# Using SunPy in the Cloud: Scalable Solar Data Analysis with `sunpy`, `astropy`, and `dask`

The goal of this notebook is demonstrate how to analyze solar image data.
The Atomospheric Imaging Assembly (AIA) on the Solar Dynamics Observatory (SDO) takes an image of the entire Sun at several extreme ultraviolet (EUV) wavelengths every 12 seconds.
In doing so, AIA images the very hottest part of the solar atmosphere, around 0.5-4 MK.
By analyzing images from AIA as a function of time, we can better understand how plasma in the solar atmosphere is heated.

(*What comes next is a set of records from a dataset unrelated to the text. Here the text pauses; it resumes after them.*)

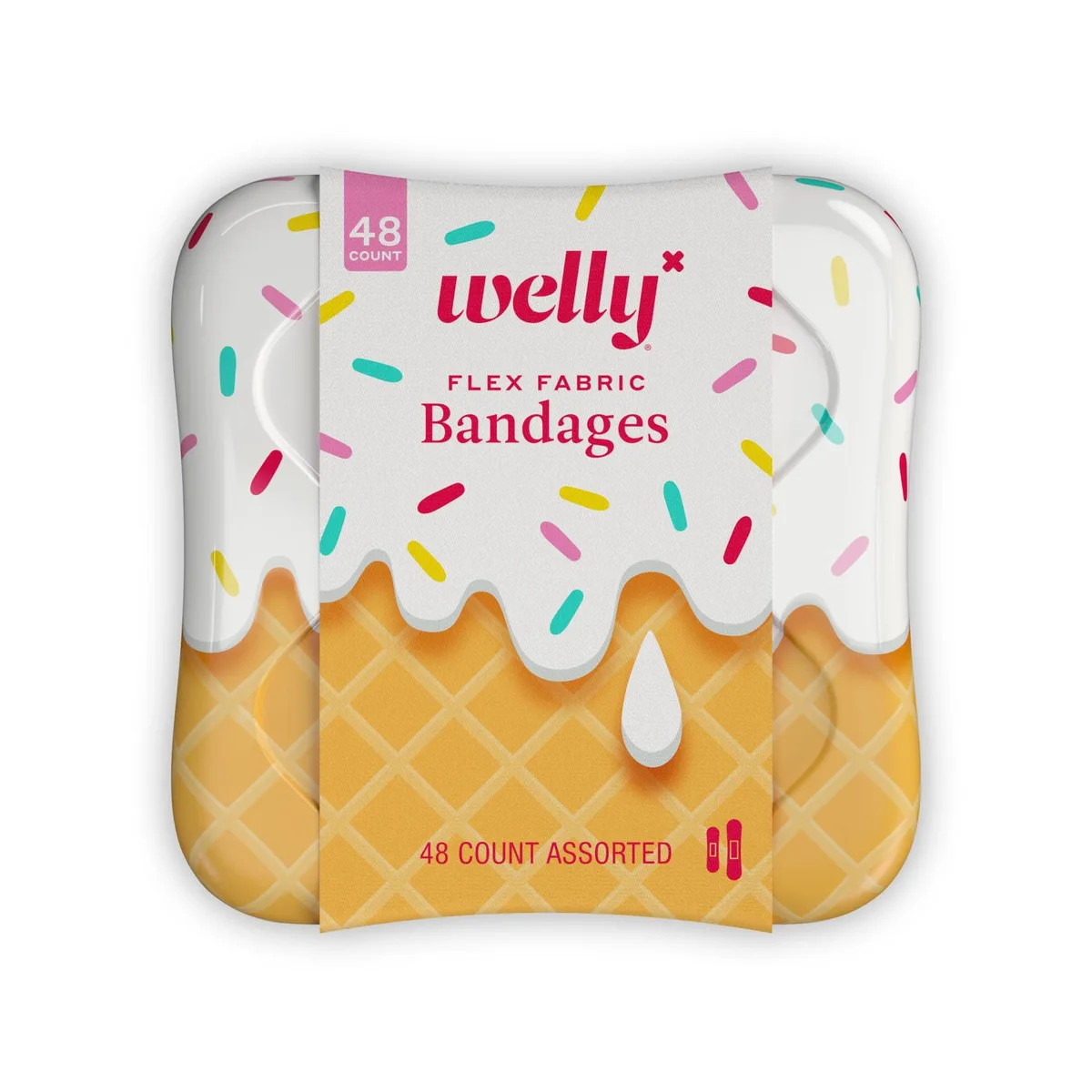  Welly WLY1071 Ice Cream Patterns Fabric Bandages 48 Count — product photo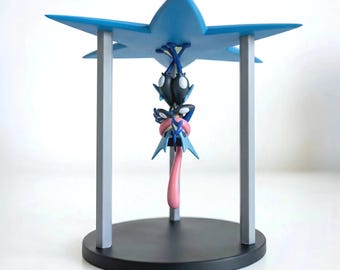 MEGA Greninja Żywiczna Figurka - Malowana Ręcznie, Błyszcząca, Niestandardowa Figurka | Kolekcjonerska Rzeźba Artystyczna Pokemon | Ręcznie Robiona Figurka w Edycji Limitowanej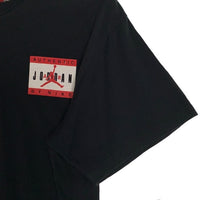 90's NIKE ナイキ AIR JORDAN エアジョーダン プリントTシャツ ブラック イラスト 銀タグ Size L 福生店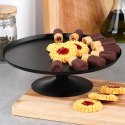 Patera na ciasto babeczki owoce tort stalowa czarna na nóżce 24cm VILDE 139765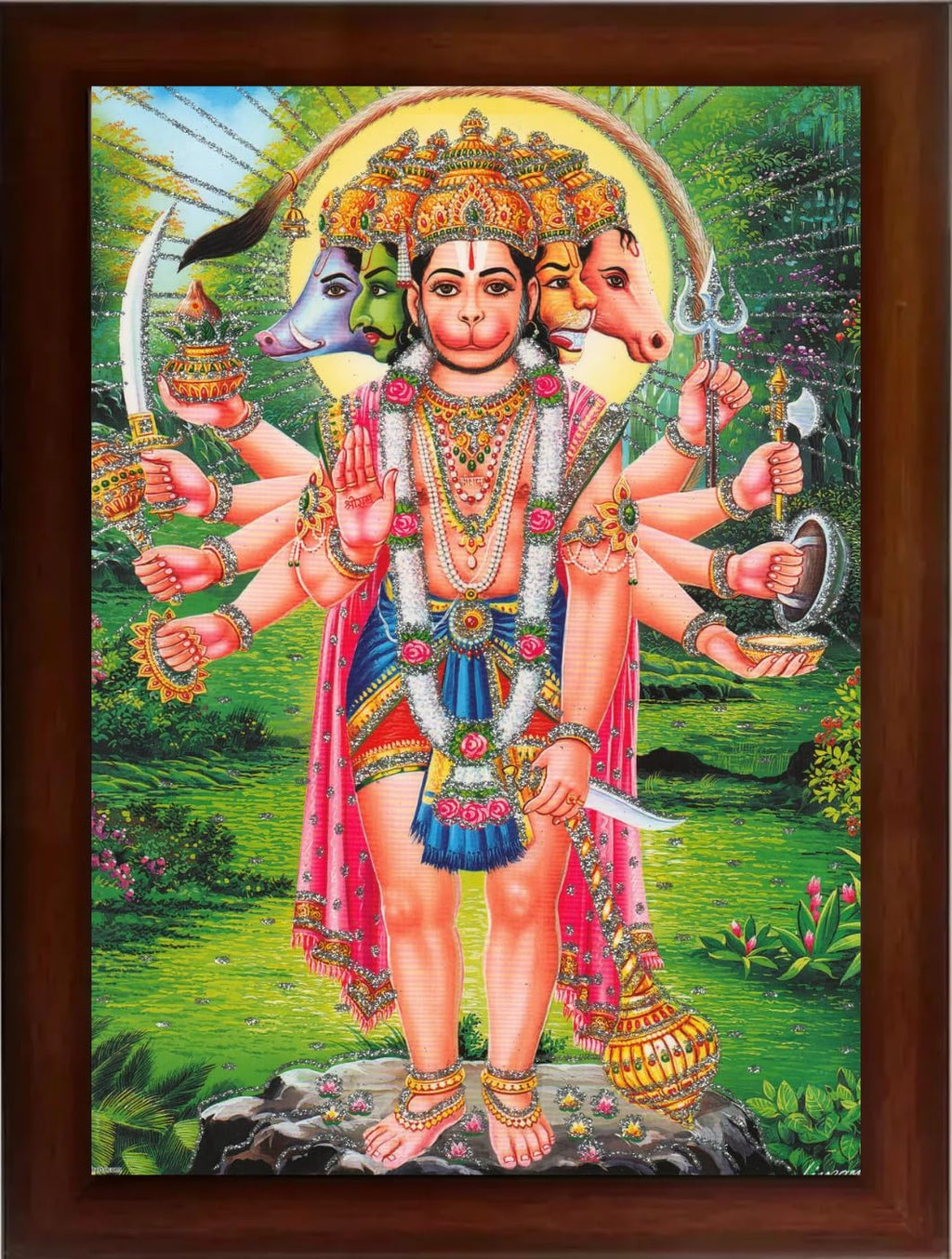 CRAFT QUEST Hanuman ji Religious Photo Frame Home Decorative Item Synthetic wood, (10 X 14 Inches)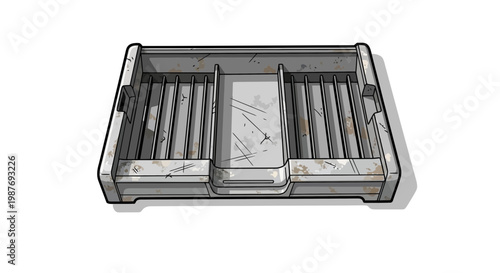 Grungy metal tray with dividers, isolated on white background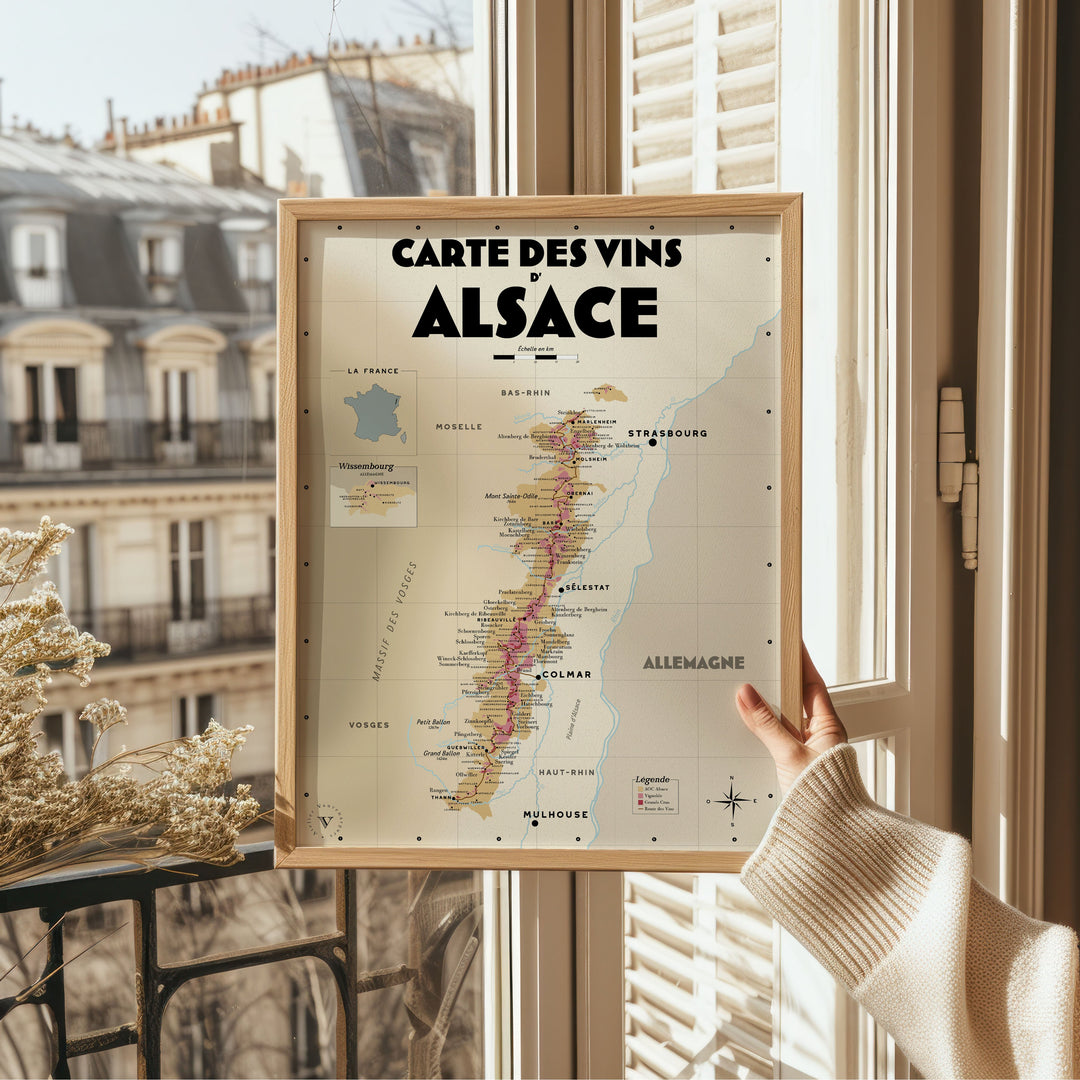 Carte des vins d'Alsace Affiches Atelier Vauvenargues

In this notebook, we will show how to perform a *time-lag analysis* between two wavelengths over the course of a 12 h observing window in order to better understand how the solar coronal plasma is evolving around 1 MK.

In [None]:
import numpy as np
import matplotlib.pyplot as plt
from scipy.interpolate import interp1d

import astropy.units as u
import astropy.io.fits
import astropy.time
from astropy.coordinates import SkyCoord
from astropy.visualization import ImageNormalize, AsinhStretch
from reproject import reproject_adaptive
import sunpy.map
import sunpy.util
from sunpy.net import Fido, attrs as a
from sunpy.coordinates import propagate_with_solar_surface
import ndcube
from sunkit_image.time_lag import time_lag

from dask_gateway import Gateway
from dask.distributed import PipInstall
import dask.array

from net.heliocloud import HelioCloudClient
import net.attrs as heliocloud_attrs

## Create Dask Cluster

In [None]:
gateway = Gateway()

In [None]:
options = gateway.cluster_options()
options.worker_cores = 1
options.worker_memory = 8

In [None]:
cluster = gateway.new_cluster(options)

In [None]:
client = cluster.get_client()
client

In [None]:
pip_plugin = PipInstall(
    packages=[
        "ndcube",
        "sunpy[map]",
        "astropy",
    ],
    pip_options=["--upgrade"],
)
client.register_worker_plugin(pip_plugin)

In [None]:
cluster.adapt(minimum=3, maximum=100)

## Searching for data

First, define the wavelengths we want to search over and the time range.
We have identified the time interval of interest using the active region on the Sun that we want to study.

In [None]:
interval = 12*u.h
midpoint = astropy.time.Time('2018-05-29 18:00:00', scale='utc')
time_start = midpoint-interval/2
time_end = midpoint+interval/2

To search for data, we can use the `Fido` search interface provided by `sunpy` combined with a custom client developed to search the HelioCloud database.

In [None]:
q = Fido.search(
    a.Time(time_start, time_end),
    a.Wavelength(171*u.angstrom),
    heliocloud_attrs.Dataset('AIA'),
)

In [None]:
q

Rather than return a list of files for us to download, our search just returns us a list of S3 URLs that we can use to directly load our data from.
No downloading required!

## Identifying the Active Region

Next, we need to identify where our active region is on the disk.
We do this at a specific time that is approximately the midpoint of our observing interval.

In [None]:
i_midpoint = np.argmin(np.fabs((astropy.time.Time(q[0]['Start time']) - midpoint).to_value('s')))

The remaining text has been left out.